Online purchases jump in first quarter

Although frigid weather kept many Americans away from malls and stores last quarter, it didn't stop them from shopping on their laptops and smartphones.

Sales on e-commerce websites increased 3.5 percent in the first three months of the year from the previous quarter, reaching a record $80 billion worth of purchases, according to seasonally adjusted figures released by the Commerce Department on May 15. Meanwhile, total retail sales declined 1.5 percent, the first quarterly drop in almost three years.

On a year-over-year basis, online purchases soared a whopping 14.5 percent, compared with a 1.6 percent increase for total sales.

The share of e-commerce as a percent of total retail sales rose to 7 percent from 0.6 percent in 1999. Within certain categories, such as apparel, the shift to the Internet has been faster, according to Poonam Goyal, an analyst with Bloomberg Intelligence.

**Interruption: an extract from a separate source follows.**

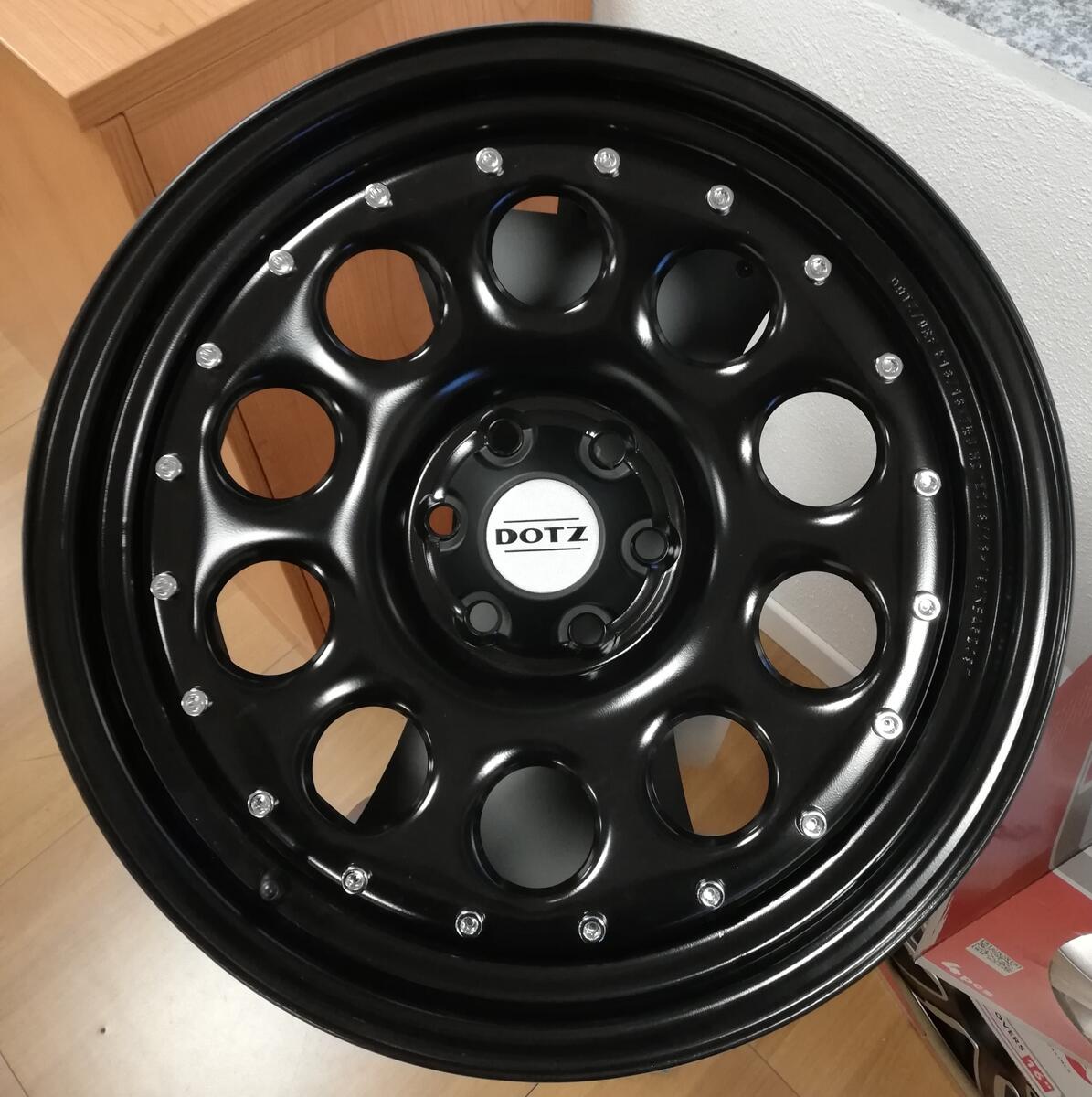 DOTZ 4X4 / MODULAR BEADLOCK 18Z / BLACK<br>7,5J18" 6X114,3 18 66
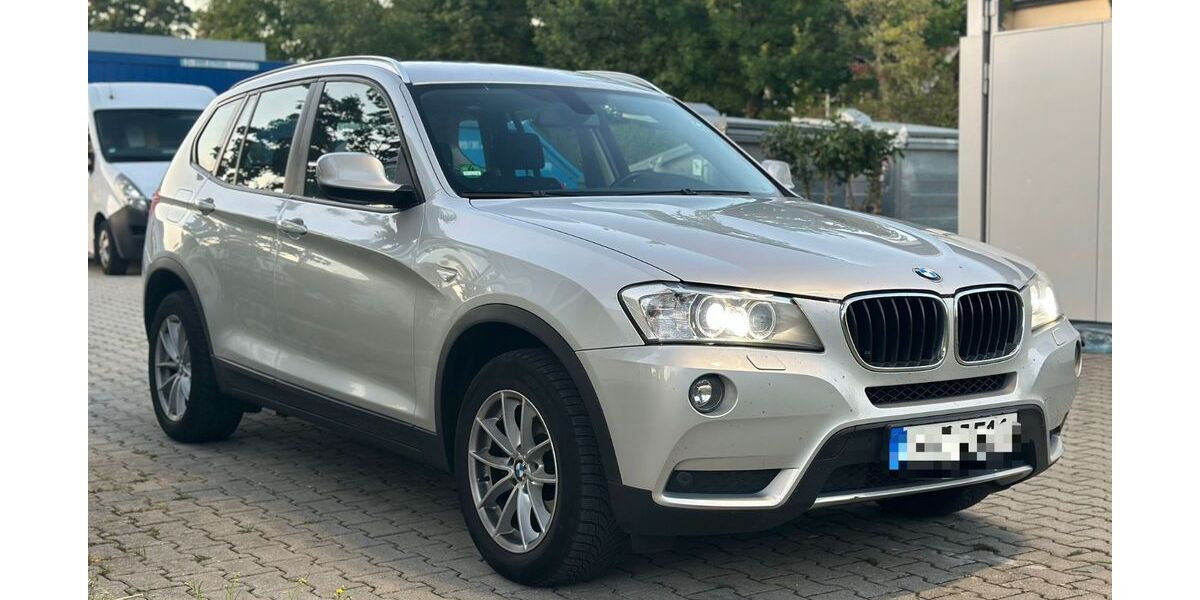 BMW X3 210.000 km 7.900 &euro; München 81677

"Companies that generate the largest portion of their sales from online are apparel stores," Goyal said. "Their online sales are often more than 15 percent of their total sales, so the potential there is enormous."

-- Bloomberg News

Value of Pickens' energy holdings drops

Billionaire oil investor T. Boone Pickens' energy holdings fell by about a third in the first quarter after selling stakes in several refining companies.

The value of energy stocks in Pickens' Dallas-based TBP Investments Managements fund dropped by $15.1 million to $33.9 million, according to data compiled by Bloomberg. The fund exited eight companies, including HollyFrontier Corp., Marathon Petroleum Corp. and Phillips 66, according to a filing with the U.S. Securities and Exchange Commission on Friday.

Refining companies in the Standard & Poor's 500 index climbed 17 percent in the first three months of the year, compared with a 2.9 percent drop by producers in the index during the same period. Refiners generally benefit when oil prices decline, since that reduces their costs.

Oil prices have gained 37 percent since reaching a six-year low in March, a climb that some say may help producers and oil-field services companies. TBP Investments bought shares in companies with a focus on onshore U.S. drilling, adding positions in Range Resources Corp., Parsley Energy Inc. and Helmerich & Payne Inc. It also bought new stakes in real estate investment trust HCP Inc. and homebuilder PulteGroup Inc.

Almost 90 percent of the fund's investments is in energy stocks. Financial companies account for the second-largest allocation with 6 percent.

-- Bloomberg News

PayPal to trade under old symbol: PYPL

PayPal, the payments division that's separating from eBay Inc., will trade on the Nasdaq stock market as PYPL, its original ticker symbol before being acquired by the online marketplace in 2002.

"I'm honored and thrilled that PayPal is returning to its roots as an independent company," said PayPal President Dan Schulman, who will be the company's chief executive officer when the split is completed in the third quarter. "This is a meaningful symbol for the company because it represents our unbroken commitment to the spirit of the original vision that sparked the launch of PayPal 17 years ago."

EBay announced the split last year after activist investor Carl Icahn said PayPal was being held back by its parent company's slower-growing Web marketplace business.

Schulman joined PayPal, which has 165 million customers in 200 countries, from American Express Co.